ベンチャーから大手飛行機メーカーまでが開発に

昨年の秋、UAEのドバイで「空飛ぶタクシー」の試験飛行が行われて話題となりました。これはドイツのボロコプター社が開発したドローン(無人機)で、18の小さなプロペラを使って飛ぶもの。自動操縦ですが、2人の乗客を載せることができます。エンジンではなく、バッテリーとモーターを使っているため30分ほどしか飛行時間はありません。この大型ドローンを「空飛ぶタクシー」として使おうというのが狙いというから驚きます。まだ、地上を走るクルマでさえ自動運転のタクシーが実現していないのに、空を飛ぶドローンで自動タクシーを実現しようというのです。

そして、2018年1月にアメリカのラスベガスで開催されたCESショーにも、ボロコプターが登場しました。今度は、インテルの基調講演の中、屋内ホールのステージでデモ飛行を披露したのです。夢物語ではなく、リアルに大型ドローンが飛ぶ迫力は、ものすごいものがありました。

▲2018年1月に開催されたCESショーのインテルの基調講演にて披露されたボロコプターの飛行デモ。
▲2018年1月に開催されたCESショーのインテルの基調講演にて披露されたボロコプターの飛行デモ。
▲2人乗りの自動操縦のボロコプター。電動で飛行する。
▲2人乗りの自動操縦のボロコプター。電動で飛行する。
▲ボロコプターの室内。操縦するためのスティックやハンドルは存在しない。
▲ボロコプターの室内。操縦するためのスティックやハンドルは存在しない。

エアバス社とアウディ、イタルデザインによるコラボレーション

また、3月にスイスで開催されたジュネーブ・モーターショーにおいては、アウディとイタルデザイン、エアバスの3社によるコンセプトモデル「Pop.Up Next」が出品されました。これは空と陸の両方を飛行/走行する自動運転の電動車両です。2人乗りのキャビンを真ん中に、上部にプロペラを備えた飛行モジュール、下に陸上を走る車両モジュールという3分割されたパーツからなります。空を飛ぶときはキャビン+飛行モジュール、陸ではキャビン+車両モジュールで飛行/走行をこなします。もちろん操縦は自動。ちなみにエアバス社は、自社でも自動飛行の試作機を作っていますから、このアウディなどとのコラボレーションも夢物語に終わらないものを感じさせます。
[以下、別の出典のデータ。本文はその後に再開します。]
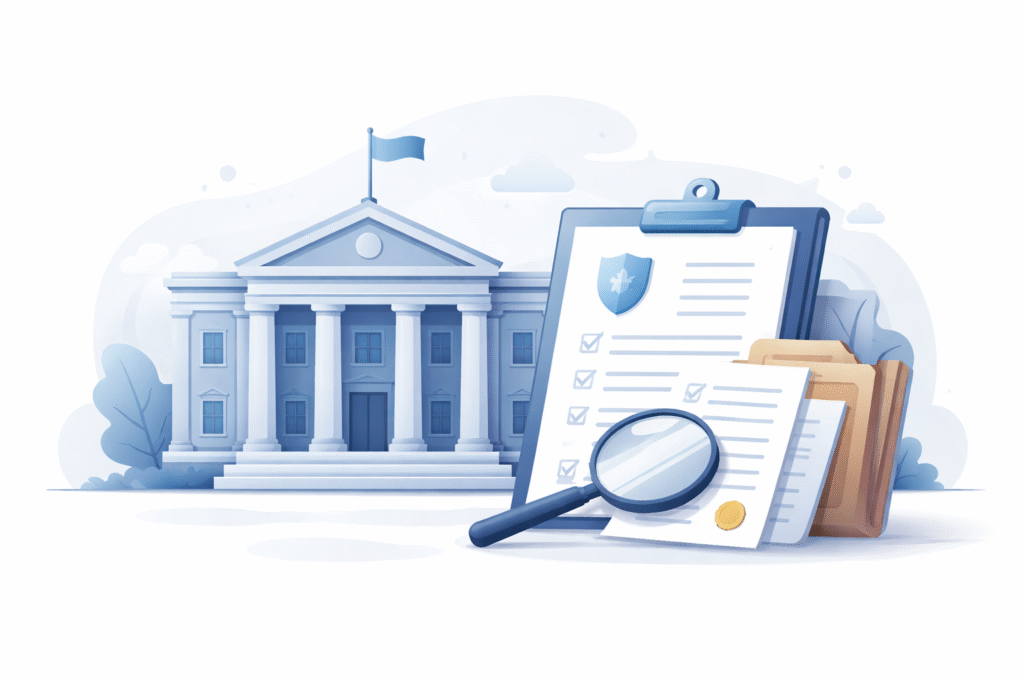 Court docket displaying court case records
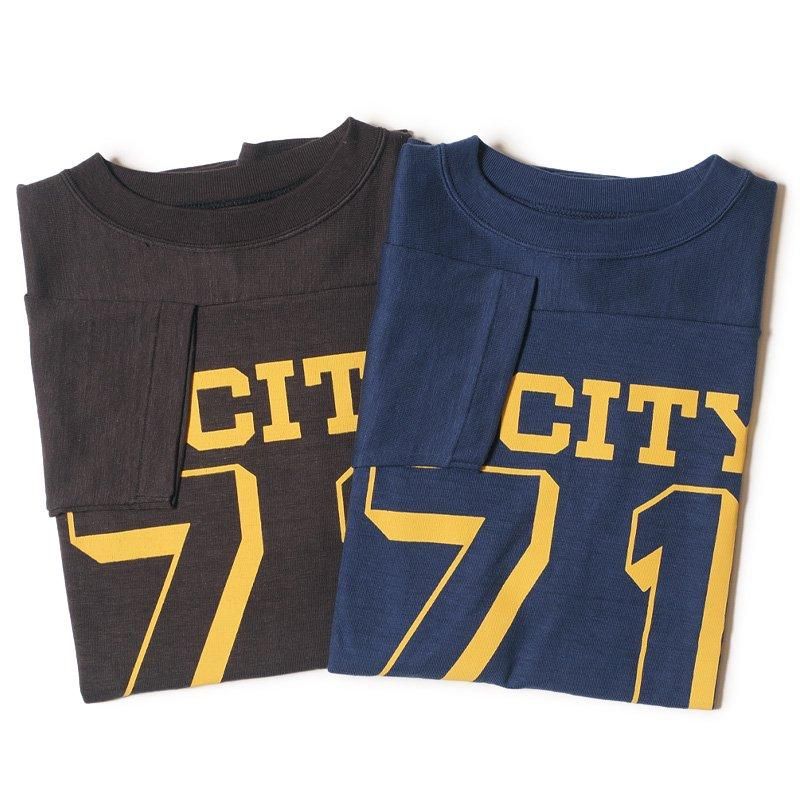 WAREHOUSE & CO. / Lot 4063 7分袖フットボールT U CITY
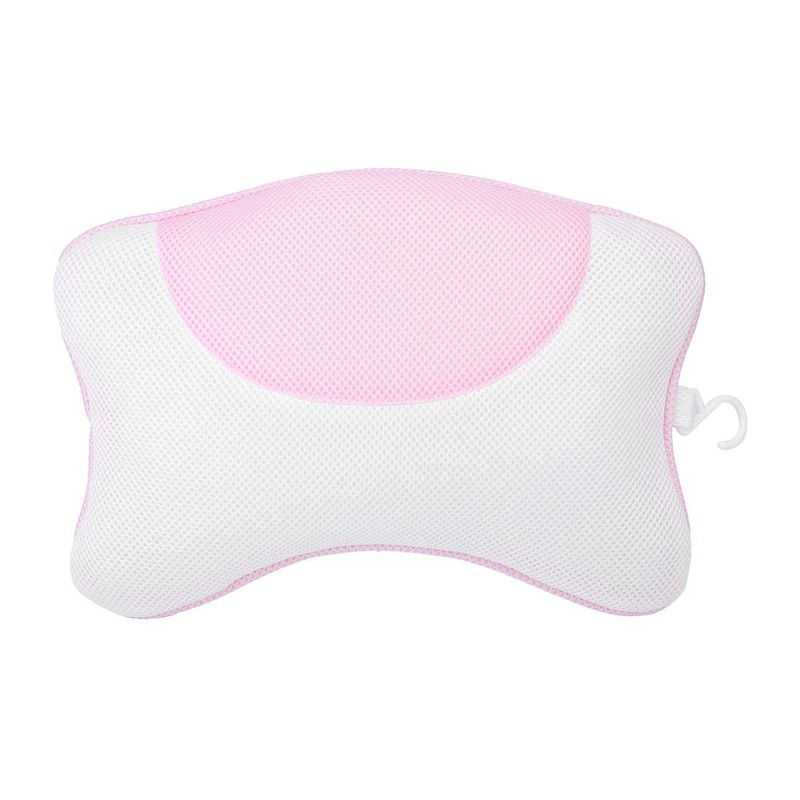 Soft Mesh Bath Pillow Fatigue Relief Relaxation Home Spa Bathtub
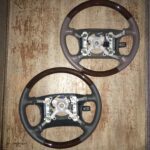 Lexus SC400 Steering Wheels Restored to New Leather and Wood P8101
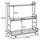 MCW MCW-Q33 Regal 105x90x38cm Weiß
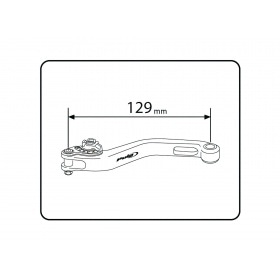 Priekšējā bremžu svira Puig 2.0 regulējama īsa oranža / melna
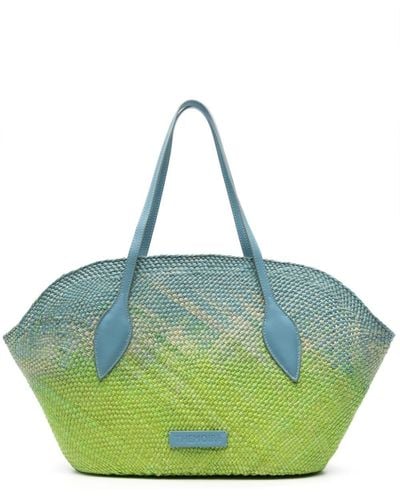 THEMOIRÈ Handtasche aus gewebtem Bast - Grün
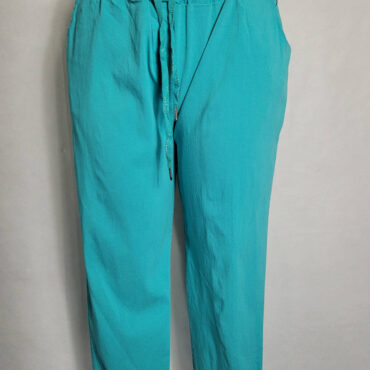 Pantalon coupe carotte femme. Pantalon confortable azur femme grande taille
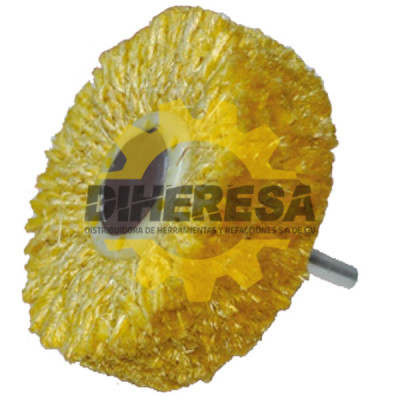 Austromex 1622 Rueda de sisal con vástago para pulido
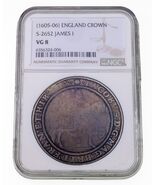 1605-06 England Krone James I S-2652 Bewertet Von NGC Als VG 08 Sehr Gut - €5.352,68 EUR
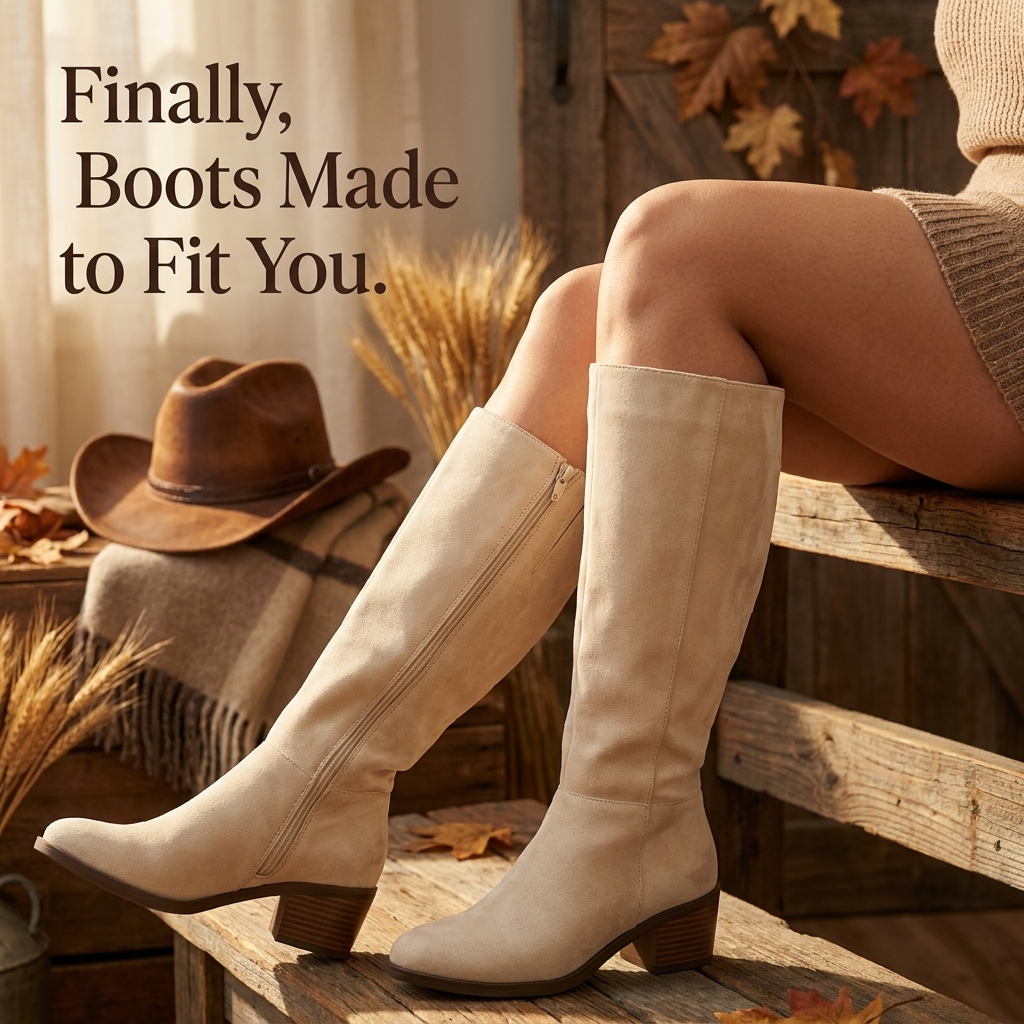 Booties - Wide Calf Boots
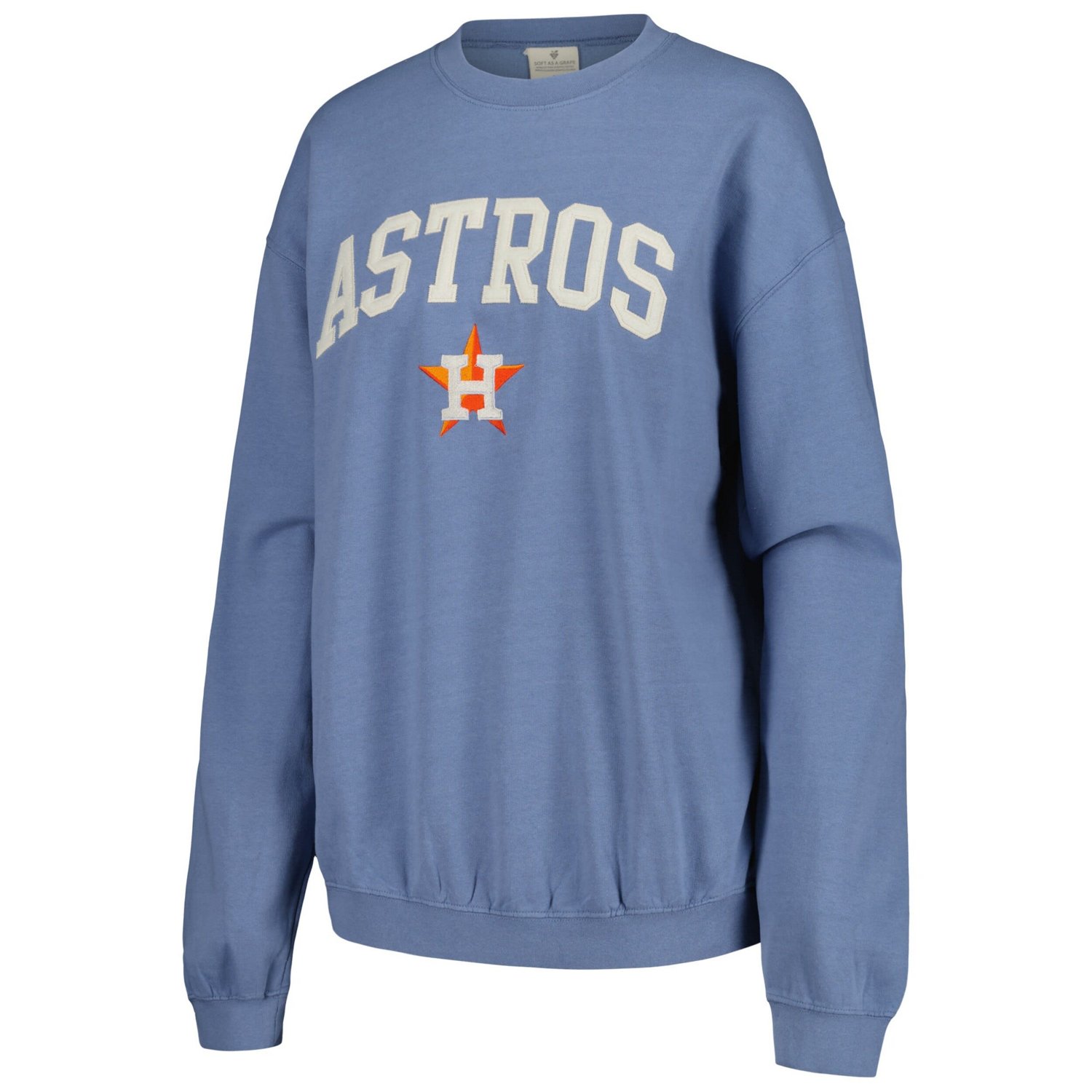 Soft as a Grape Houston Astros Pigment Dye Pullover Sweatshirt - view number 2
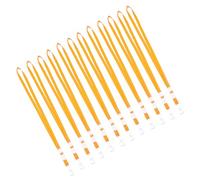 Healvian Cordon Porte-badge Orange 50 Pcs, Lanière Tour de Cou 1 Cm pour Cartes D’identité, Permis et Badges D’exposition, Sangle Suspendre Légère et Pratique pour Bureau et Événement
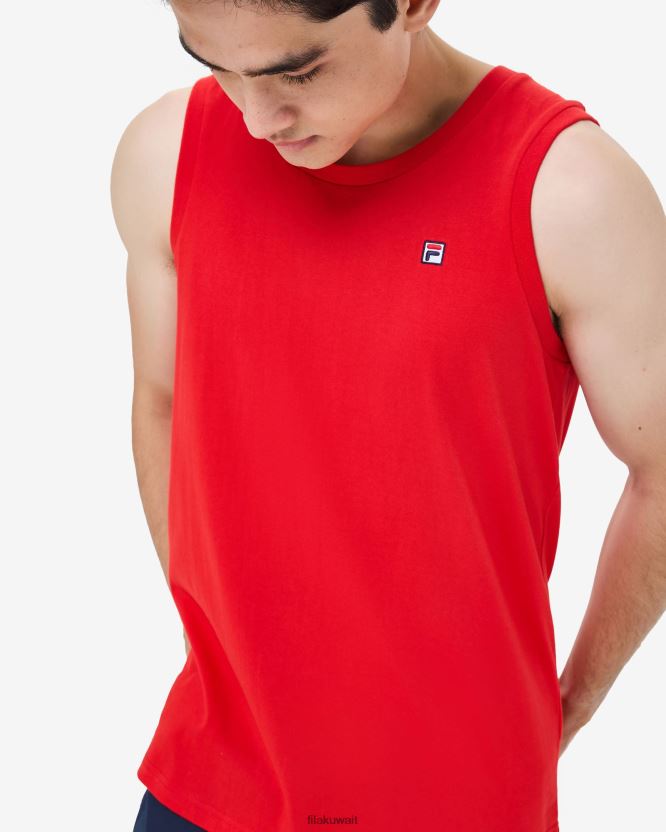 تانك شارة التراث للرجال من Red Fila BX00H42589 أحمر FILA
▲2018年3月のジュネーブショーにて発表されたコンセプトモデル「Pop.Up Next」。
▲2018年3月のジュネーブショーにて発表されたコンセプトモデル「Pop.Up Next」。

このほかにも、ライドシェアの大手であるウーバーも「空飛ぶタクシー」の開発には積極的です。さらに日本にもCARTIVATORという団体が研究を進めています。また、ジュネーブ・モーターショーには、自動運転ではない普通の「空飛ぶクルマ」の量産モデル「PAL-V Liberty」が出品されていました。

クルマの未来の形として想像されていた“空を飛ぶクルマ”が、昨今の自動運転技術とドローン技術、電動化技術の発展を背景に、ただ空を飛ぶだけでなく、「自動」+「電動化」もプラスしてきたのが最近のトレンドのようです。しかも、夢物語ではなく、リアルな目標として、世界各地で熱心に開発が行われています。街を走る自動運転タクシーと空飛ぶ自動のタクシーが同時に見られる世の中が、もしかすると近くまで来ているのかもしれませんね。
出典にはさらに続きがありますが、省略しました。